WHAT THE TASK ASKS: Leave the pictures out and reproduce all the entries word for word.

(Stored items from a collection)
>>>

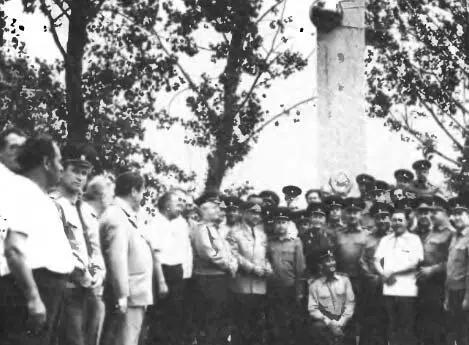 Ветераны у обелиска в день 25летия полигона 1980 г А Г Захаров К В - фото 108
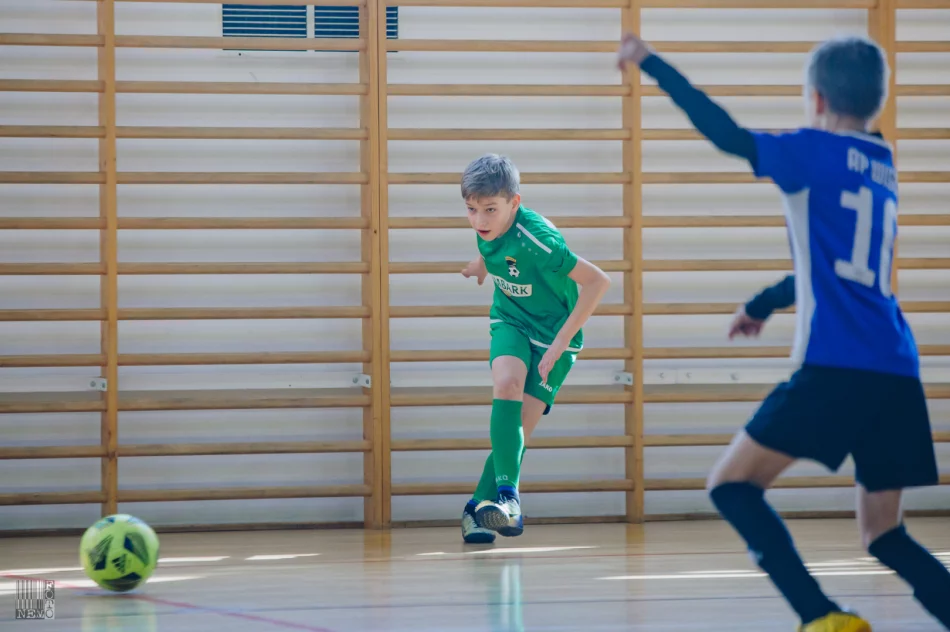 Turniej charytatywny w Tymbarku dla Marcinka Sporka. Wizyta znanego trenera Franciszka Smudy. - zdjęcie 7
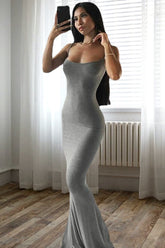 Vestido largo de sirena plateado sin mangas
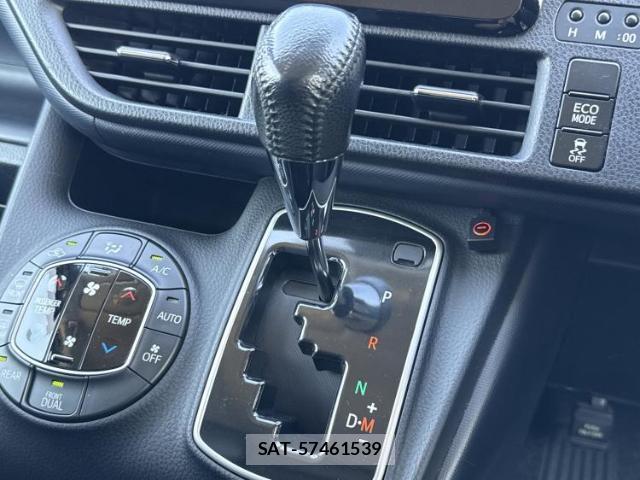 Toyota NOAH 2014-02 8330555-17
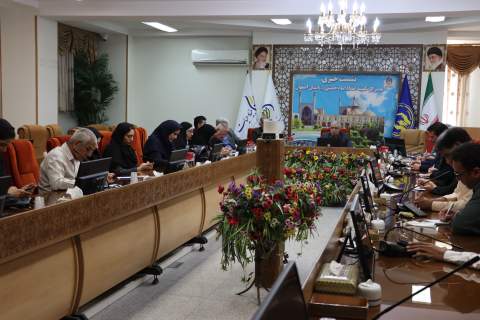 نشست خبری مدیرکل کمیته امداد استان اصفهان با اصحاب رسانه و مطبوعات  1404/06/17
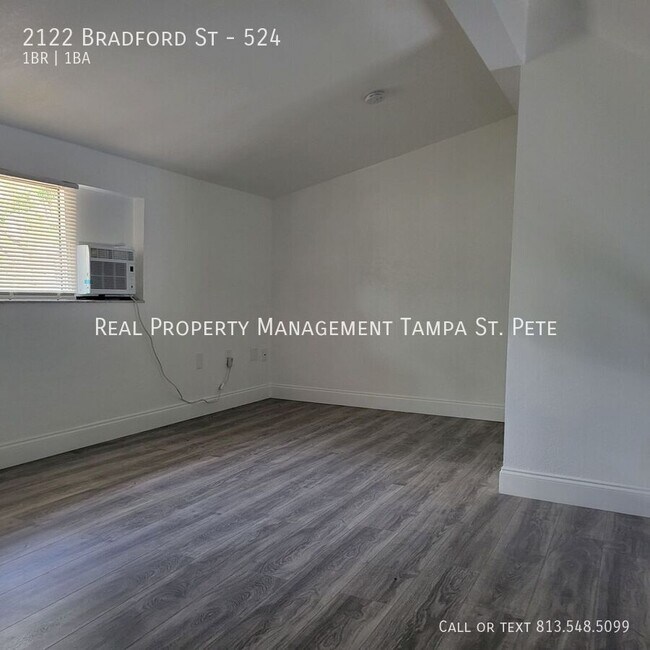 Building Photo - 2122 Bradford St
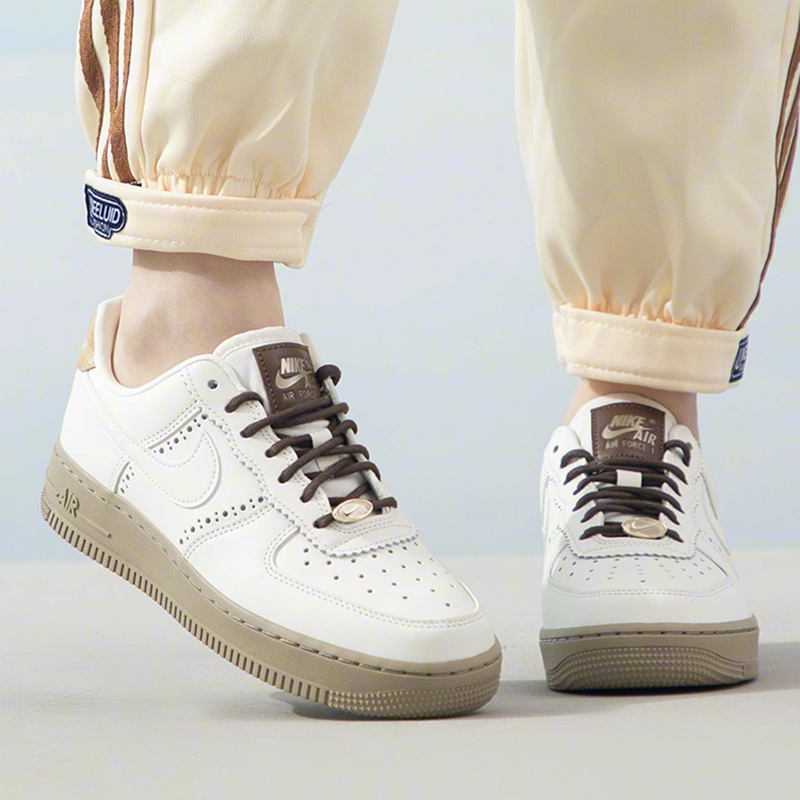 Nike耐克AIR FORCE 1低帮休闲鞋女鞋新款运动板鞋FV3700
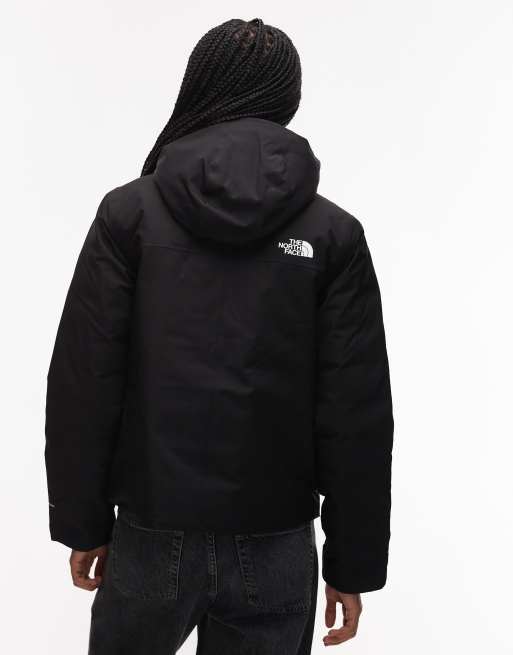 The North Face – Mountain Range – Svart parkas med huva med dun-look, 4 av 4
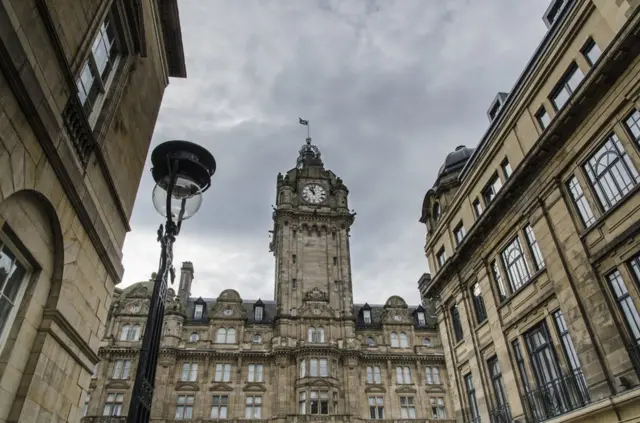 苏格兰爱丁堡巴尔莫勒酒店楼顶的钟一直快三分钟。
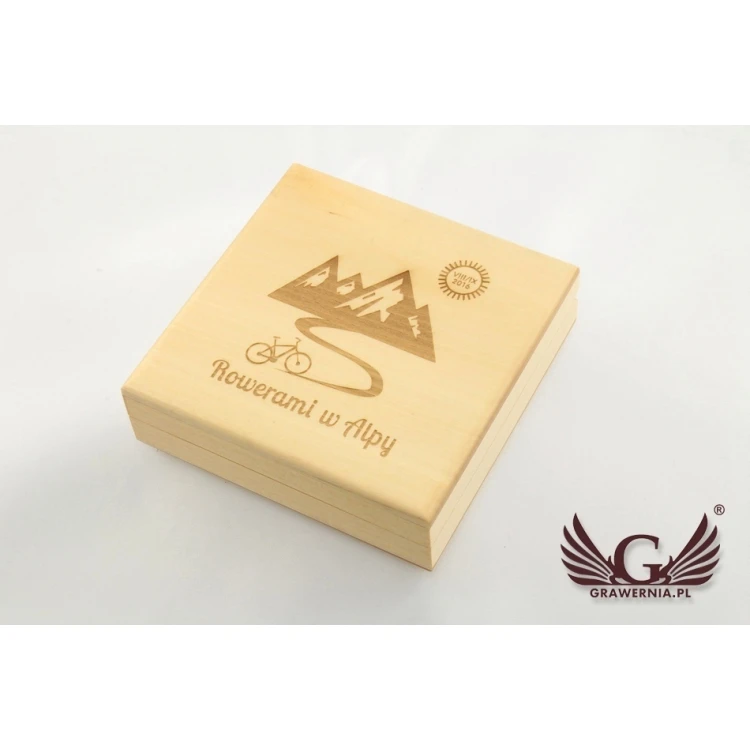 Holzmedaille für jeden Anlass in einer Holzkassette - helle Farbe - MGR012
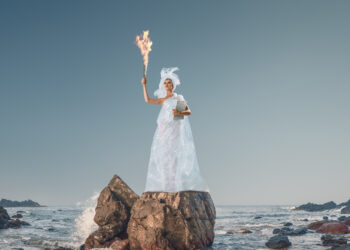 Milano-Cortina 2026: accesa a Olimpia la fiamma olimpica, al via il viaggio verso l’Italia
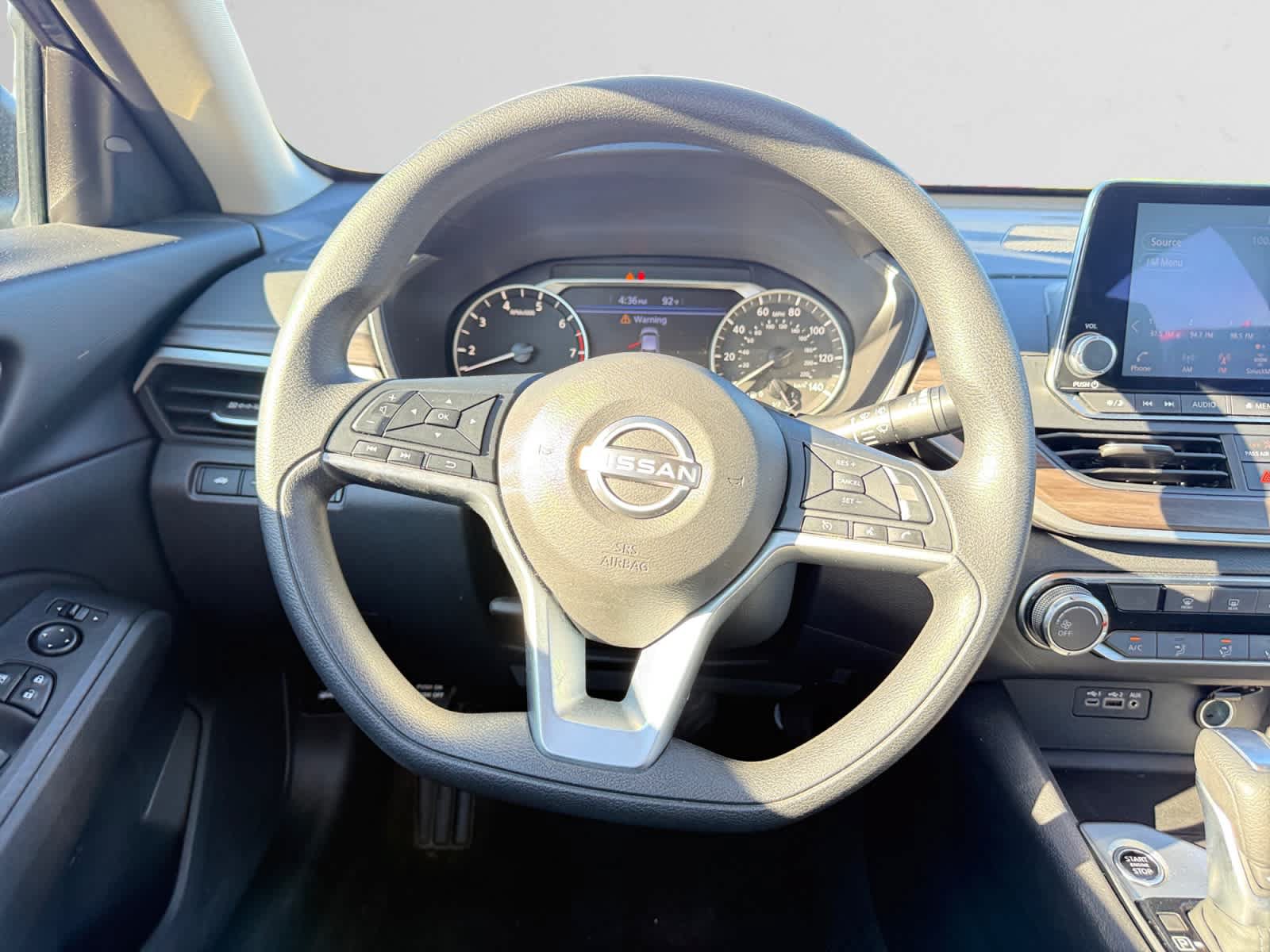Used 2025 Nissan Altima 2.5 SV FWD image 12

<<<

WRITTEN RESPONSE:
 Ветераны у обелиска в день 25летия полигона 1980 г А Г Захаров К В - фото 108
 Turniej charytatywny w Tymbarku dla Marcinka Sporka. Wizyta znanego trenera Franciszka Smudy. - zdjęcie 7
 Vestido largo de sirena plateado sin mangas
 Toyota NOAH 2014-02 8330555-17
 نشست خبری مدیرکل کمیته امداد استان اصفهان با اصحاب رسانه و مطبوعات  1404/06/17
 Building Photo - 2122 Bradford St
 Nike耐克AIR FORCE 1低帮休闲鞋女鞋新款运动板鞋FV3700
 The North Face – Mountain Range – Svart parkas med huva med dun-look, 4 av 4
 苏格兰爱丁堡巴尔莫勒酒店楼顶的钟一直快三分钟。
 Holzmedaille für jeden Anlass in einer Holzkassette - helle Farbe - MGR012
 Milano-Cortina 2026: accesa a Olimpia la fiamma olimpica, al via il viaggio verso l’Italia
Used 2025 Nissan Altima 2.5 SV FWD image 12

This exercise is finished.